Data to use:
::::::::::

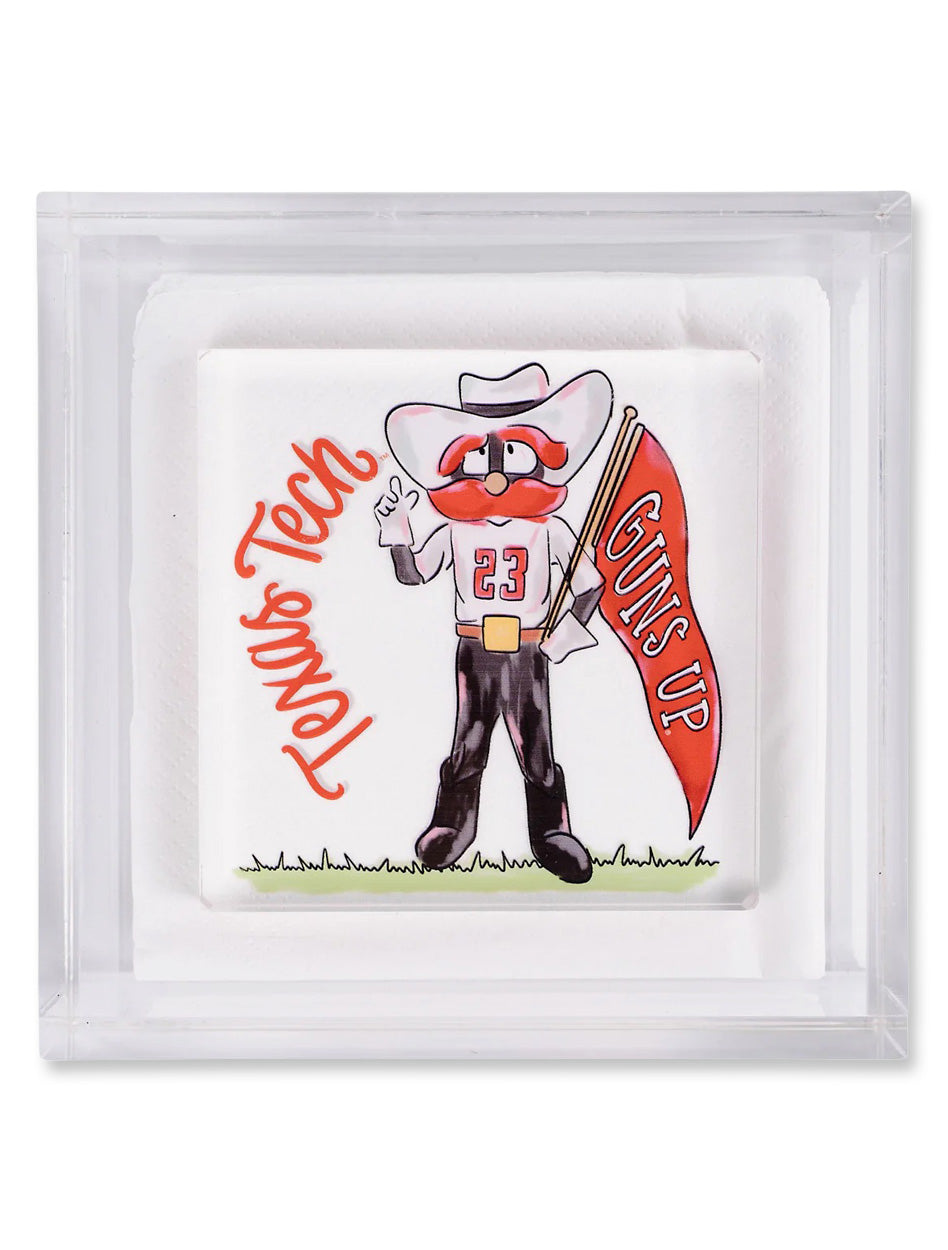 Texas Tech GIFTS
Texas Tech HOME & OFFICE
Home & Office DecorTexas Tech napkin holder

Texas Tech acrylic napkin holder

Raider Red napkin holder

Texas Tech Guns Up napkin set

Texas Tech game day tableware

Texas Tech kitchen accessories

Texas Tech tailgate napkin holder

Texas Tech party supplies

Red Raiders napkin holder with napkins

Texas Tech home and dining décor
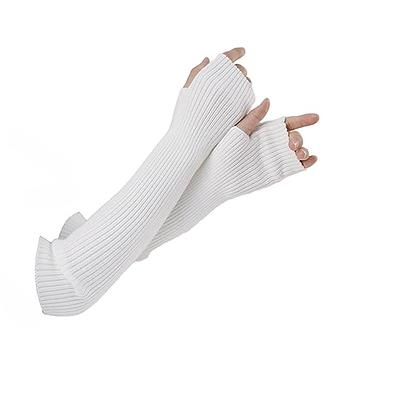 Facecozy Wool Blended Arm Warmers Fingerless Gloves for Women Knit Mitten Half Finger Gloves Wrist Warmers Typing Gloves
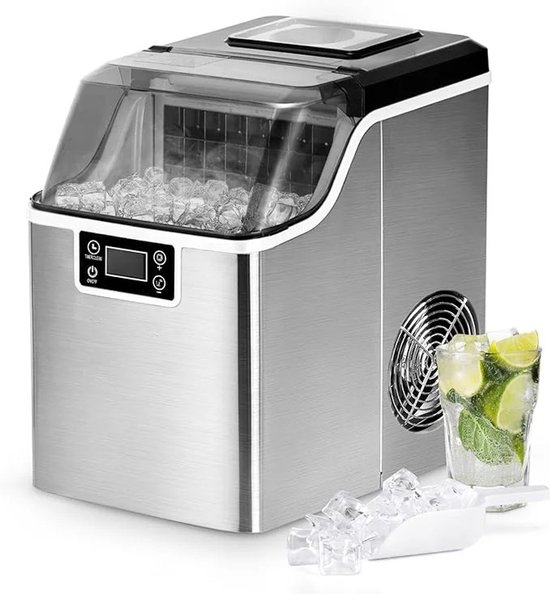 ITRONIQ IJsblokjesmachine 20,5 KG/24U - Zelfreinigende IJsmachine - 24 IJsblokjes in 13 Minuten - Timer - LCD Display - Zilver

::::::::::

Activity:
Please copy exactly the lines from the one containing "Home & Office DecorTexas Tech napkin holder" through the last line of the records above, both included, and leave out any pictures.

Solution to the exercise:
Home & Office DecorTexas Tech napkin holder

Texas Tech acrylic napkin holder

Raider Red napkin holder

Texas Tech Guns Up napkin set

Texas Tech game day tableware

Texas Tech kitchen accessories

Texas Tech tailgate napkin holder

Texas Tech party supplies

Red Raiders napkin holder with napkins

Texas Tech home and dining décor
 Facecozy Wool Blended Arm Warmers Fingerless Gloves for Women Knit Mitten Half Finger Gloves Wrist Warmers Typing Gloves
 ITRONIQ IJsblokjesmachine 20,5 KG/24U - Zelfreinigende IJsmachine - 24 IJsblokjes in 13 Minuten - Timer - LCD Display - Zilver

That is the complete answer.